That initiated an email conversation with Steve which resulted in me running a short experiment with ChatGPT model 5.5. I first loaded up the original manuscript that I’d submitted to a journal of this paper on pollinator effectiveness. I then asked ChatGPT to write a review of the manuscript as though it was a peer reviewer of the journal. Which it did – in some detail – in 28 seconds! If anyone is interested I can send them that review, but it’s the next bit that I think is especially interesting.

After ChatGPT had completed the review, I then uploaded the actual peer reviews I’d received from the journal, plus the editor’s comments, and asked it to summarise the degree to which its review agreed with those I had received.

Below I have copied the response, but it’s the take-home message, summarised in the graphic above, which I think is the most intriguing aspect: there was a 55% agreement with Reviewer 1, a 70% agreement with Reviewer 2, and a 65% overall agreement between ChatGPT’s assessment of the manuscript and that of the Editor.

That may not sound like a large overlap, but note that it’s the level of agreement between the two reviewers was only 65%! In my not inconsiderable experience (>130 peer reviewed papers and chapters, hundreds of peer reviews of my own) this is fairly typical – reviewers ALWAYS pick up on different strengths and weaknesses in a manuscript!

What particularly impressed me about ChatGPT’s response below, is that it went far beyond simply looking at the language being used, it provided a critique of how the study was conducted, how data were analysed, and the conclusions drawn. Which is just what we expect a human reviewer to do! Not only that, but it was more critical of the work than the reviewers and the editor.

So where does this leave us? Could Large Language Models (LLMs) like ChatGPT replace part of the academic peer-review process? Clearly there need to be guide rails and human agency involved in final decisions, but I think that, yes, they may well have a role to play in the not-too-distant future. As always, I’d be interested in your comments.

If you want to dive into this more deeply, here’s the verbatim account of what ChatGPT wrote (including its emboldened parts) when I asked how much agreement there was between its assessment and those of the other two reviewers and the editor:

There is a fair amount of overlap, but not a perfect match.

I would say my review was moderately similar in substance, but noticeably more critical in tone and in editorial recommendation. The strongest areas of convergence were on the paper’s core strengths and on one key statistical concern. The biggest mismatch is that the actual editor and reviewers were much more positive overall, and most of their requested changes are closer to clarification, presentation, and framing than to a deep challenge to the paper’s publishability.

The clearest points of agreement are these. First, I highlighted the manuscript’s strengths as the multi-year design, the focus on different functional groups, and the interesting role of Lepidoptera; that aligns very closely with the guest editor, who explicitly says that “the roles of lepidopterans, the inclusion of flight distance measures, and the multi-year study are particularly notable,” and with Reviewer 2, who lists the multi-year field study, multiple pollinator groups, and the unexpected importance of Lepidoptera as strengths. Second, I flagged the Poisson treatment of an ordinal flight-distance variable as statistically weak; Reviewer 1 independently makes essentially the same point and explicitly recommends ordinal regression instead. Third, I thought the discussion was somewhat over-extended and not always tightly aligned with the evidence; Reviewer 2 likewise suggests embedding the work better in the broader literature and moving some material out of the conclusion into the discussion.

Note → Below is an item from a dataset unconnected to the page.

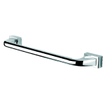 Geesa Hotel Barre d'appui pour baignoire 30cm Chrome 0650372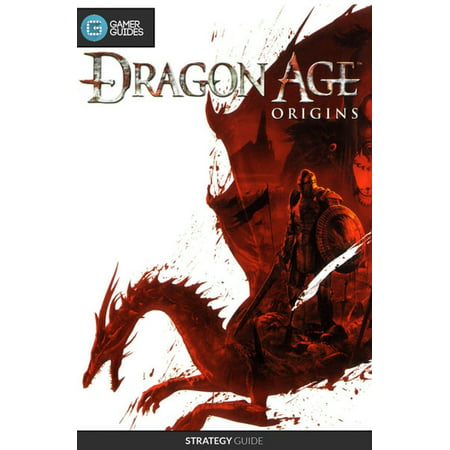 Dragon Age Origins & Awakening - Strategy Guide -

There is also a partial overlap around the manuscript’s central interpretation. I argued that the paper sometimes pushes too hard from pollen deposition and coarse movement classes to larger claims about true generalisation, outcrossing value, and broader evolutionary or environmental buffering. The editor does not object to those broad claims in the same way; instead, the editor actually asks for the discussion to connect the results more explicitly to the theoretical statement that plants should generalise on equally effective pollinators under dynamic environments, and even invites discussion of anthropogenic disturbance and future interactions. In other words, where I wanted that interpretive arc toned down, the editor mostly wanted it better developed and better supported.

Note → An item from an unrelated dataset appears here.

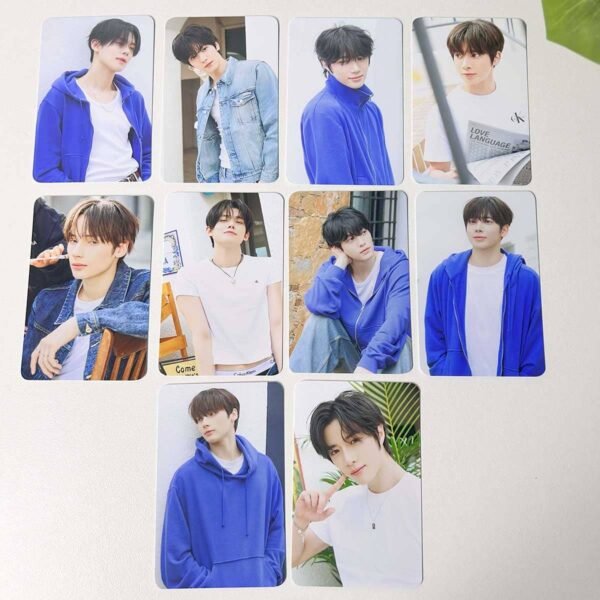 Photocard TXT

The main differences are quite important.

First, I was more sceptical about inference than the real reviewers were. I was worried that the manuscript moved too quickly from non-significant or coarse flight-distance patterns to statements about butterfly superiority, reduced geitonogamy, and broader adaptive significance. Reviewer 1 only objected narrowly to the modelling choice; neither reviewer makes my broader inferential critique, and the editor seems broadly comfortable with the interpretive direction so long as it is supported with more descriptive data and clearer exposition.

Second, I was more concerned about the coarse pooling of visitor taxa. I thought the manuscript should be more cautious because “butterflies,” “hoverflies,” “bumblebees,” and especially “Others” are broad bins. The actual comments do touch this, but in a softer, more taxonomic way: the editor asks whether there is a species or morphotype list, and Reviewer 2 asks for more detail on the butterfly taxa and justification for putting solitary bees into “Others.” That is related to my concern, but it is narrower and more presentational than the conceptual objection I raised.

Third, I did not anticipate how much of the real feedback would focus on descriptive content and figures. The editor repeatedly asks for more floral biology data, clearer results presentation, more absolute numbers, more behavioural quantification, clearer site description, and better figure design and consistency. Reviewer 2 similarly asks for effect sizes, better figures, units, and clearer display of the underlying data distribution. I mentioned presentational issues only in a general way; the actual reports are much more detailed and concrete here.

Fourth, I did not raise the absence of random effects, whereas Reviewer 2 does. That is probably the single most important substantive point that I missed. Reviewer 2 specifically asks why insect individual and/or observation day were not modelled as random effects.

Fifth, my editorial recommendation was harsher. I recommended major revision. The actual reports read much more like minor-to-moderate revision. The editor calls it “an excellent piece of work” and says it is well executed with robust methodology; Reviewer 2 says they have “little to criticise,” mostly editorial suggestions plus a few statistical and figure issues; Reviewer 1 has only a short list of points. That collective tone is clearly more encouraging than mine.

So, in condensed form:

  • Where I matched well: multi-year dataset as a major strength; Lepidoptera result as a notable contribution; the Poisson-for-ordinal issue; some concern that discussion/framing needed tightening.
  • Where I was too severe: I treated the interpretive overreach as a major obstacle, whereas the real reviewers mostly saw a strong paper needing clarification and enrichment rather than retrenchment.
  • What I underplayed or missed: requests for more descriptive natural history and floral biology data, much more detailed figure/presentation criticism, and the random-effects issue.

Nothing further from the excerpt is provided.